-------- Extracted data --------
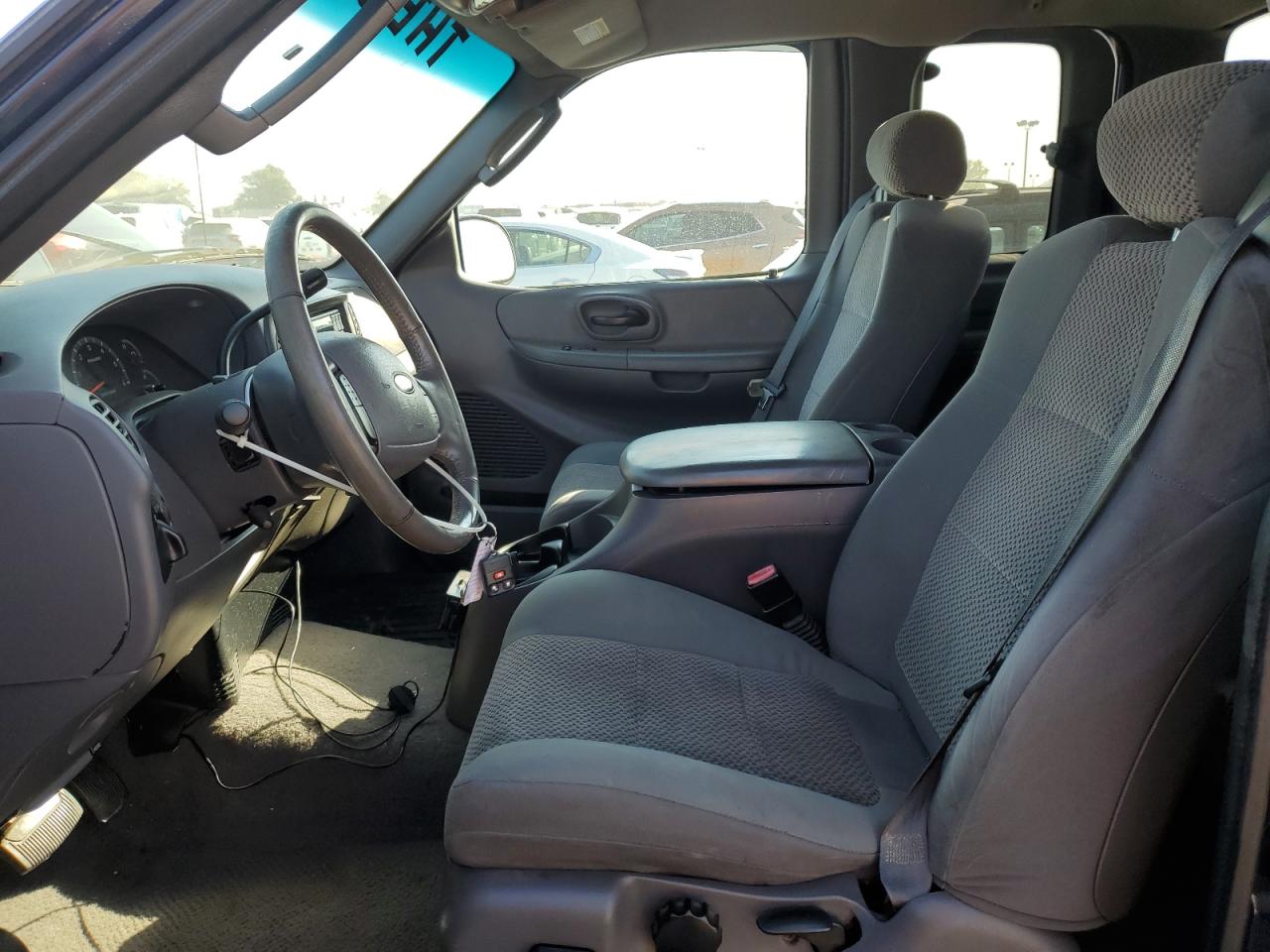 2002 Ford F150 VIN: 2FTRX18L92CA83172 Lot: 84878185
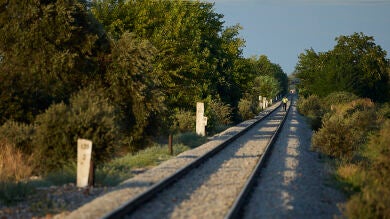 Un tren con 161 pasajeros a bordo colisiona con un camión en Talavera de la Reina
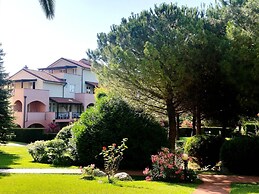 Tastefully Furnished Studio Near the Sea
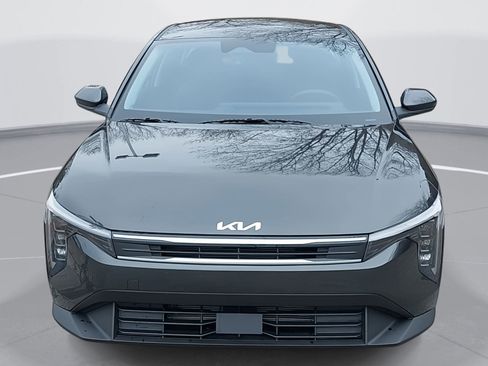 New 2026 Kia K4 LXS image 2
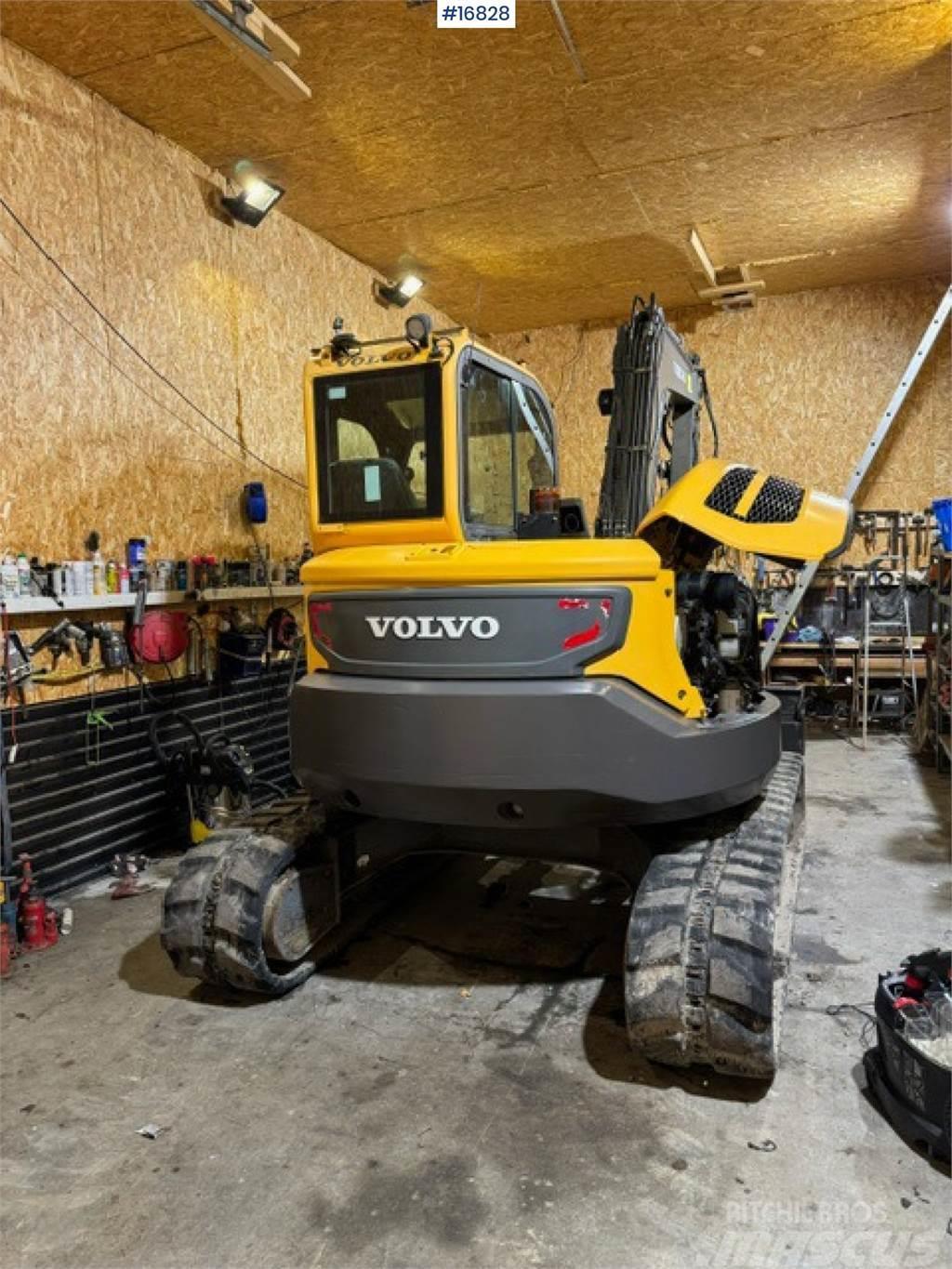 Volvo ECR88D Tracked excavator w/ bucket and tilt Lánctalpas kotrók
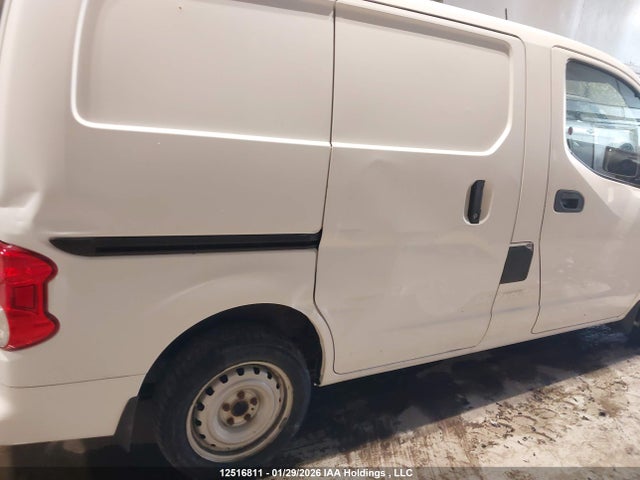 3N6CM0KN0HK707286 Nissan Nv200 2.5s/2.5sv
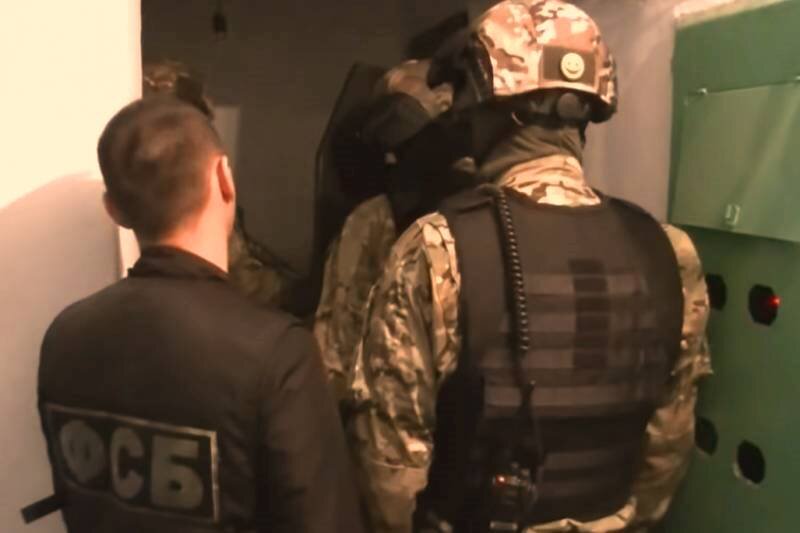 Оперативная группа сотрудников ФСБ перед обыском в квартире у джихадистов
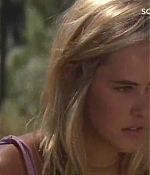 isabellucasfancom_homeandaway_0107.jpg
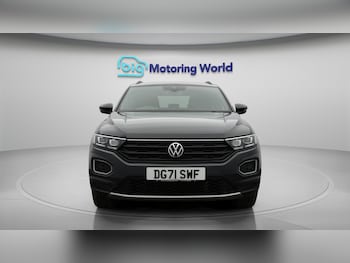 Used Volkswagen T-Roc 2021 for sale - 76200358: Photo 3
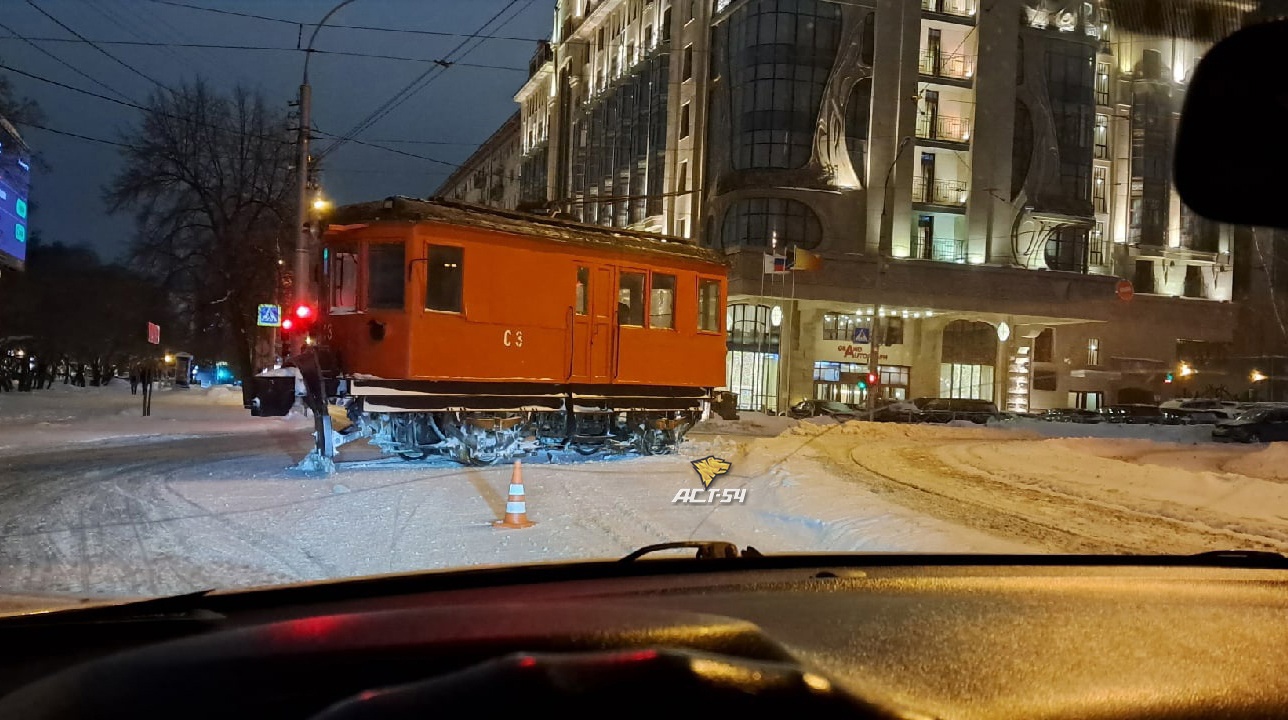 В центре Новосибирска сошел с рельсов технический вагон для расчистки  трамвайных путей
--------
### Assigned task
Set out, exactly as given, the line that contains "Volvo ECR88D Tracked" along with each line after it through the end of the records above; omit the pictures.

### Response to this exercise
 Volvo ECR88D Tracked excavator w/ bucket and tilt Lánctalpas kotrók
 3N6CM0KN0HK707286 Nissan Nv200 2.5s/2.5sv
 Оперативная группа сотрудников ФСБ перед обыском в квартире у джихадистов
 isabellucasfancom_homeandaway_0107.jpg
 Used Volkswagen T-Roc 2021 for sale - 76200358: Photo 3
 В центре Новосибирска сошел с рельсов технический вагон для расчистки  трамвайных путей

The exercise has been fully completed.